The Hatred

I originally wrote this post with the intention of publishing it prior to the anniversary of the January 6 Insurrection. But I found I couldn’t bear to start the year on so sad and awful a note.

A few years back, pre-Pandemic (since that is how we all now date everything in our lives) an acquaintance informed me that we would not fall out over my blog post, “The Benefit of the Doubt”, written concerning his experience with the so-called “Love” booth at an Indy Pride event. As I explained in that earlier essay, it wasn’t entirely clear, from his description, what this “Love” booth was actually all about. I assumed that it promulgated love and acceptance of the LGBTQ community. Or perhaps, I thought a bit wildly, the people manning the booth were there just to give hugs, like the great church-wide hugging plague of the 1980s. Still another possibility was that the stall provided information on ways the community might demonstrate love and acceptance to everyone of every race, creed and gender. My friend’s description of the booth left its purpose unclear, but he’d been very upset by the individuals operating the Love booth.

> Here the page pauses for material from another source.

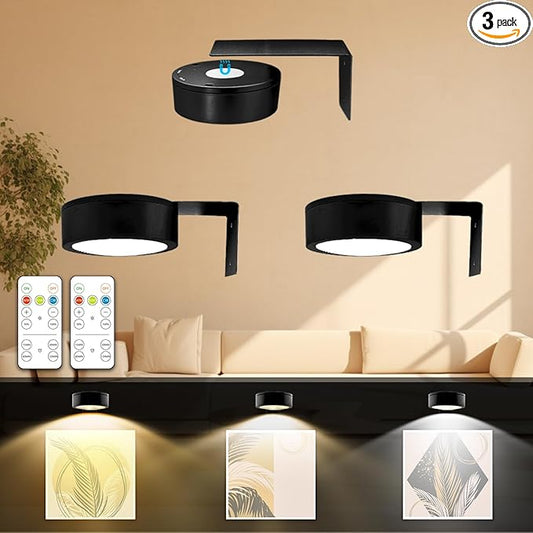 Arixinks 3PACK Picture Light Battery Operated with Remote, Painting Light for Wall Art with 3 Lighting Colors Dimmable, LED Art Display Accent Light on Wall for Poster Dartboard Frame Portrait Black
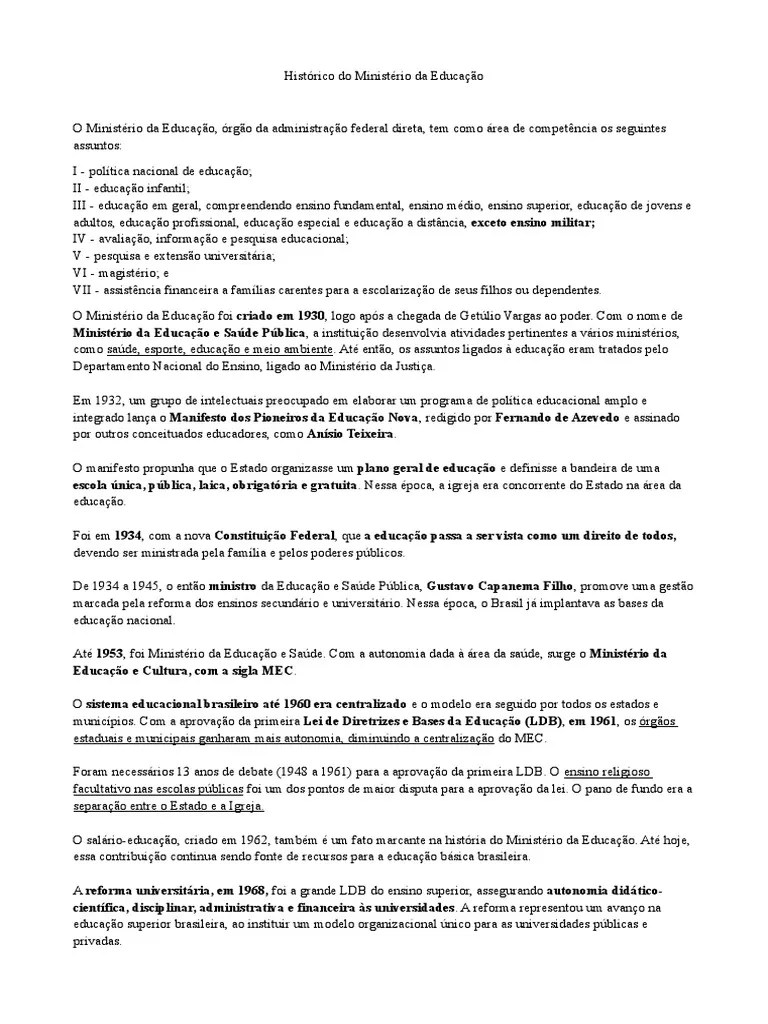 1 - Historia Educação No Brasil | PDF | Brasil | Universidade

It seemed that, as he’d listened throughout the day to many very liberal, far-left comments by the people manning the stall (which was positioned right next to his own booth), he’d found himself wondering, was still wondering: Had he strolled over to that stall, wearing his MAGA hat, and explained to them his adamant view that then-President Trump was “our greatest President ever”, what would their reaction have been? Would the people manning the Love booth have considered him loveable, or even likeable? Or would they have reacted with anger? He was extremely doubtful, he said, that love would have been their reaction.

My blog post about that situation explored the idea that my friend assumed their response, rather than put his question to the test. He didn’t engage with the people manning the Love booth, providing them a chance to refute his position without rejecting him personally, or to talk through their differences.

So a few weeks after that event, when my blog post on the subject was published, my friend magnanimously explained to me that we would not fall out over my remarks, because: “You weren’t there. You didn’t hear it—the hatred”.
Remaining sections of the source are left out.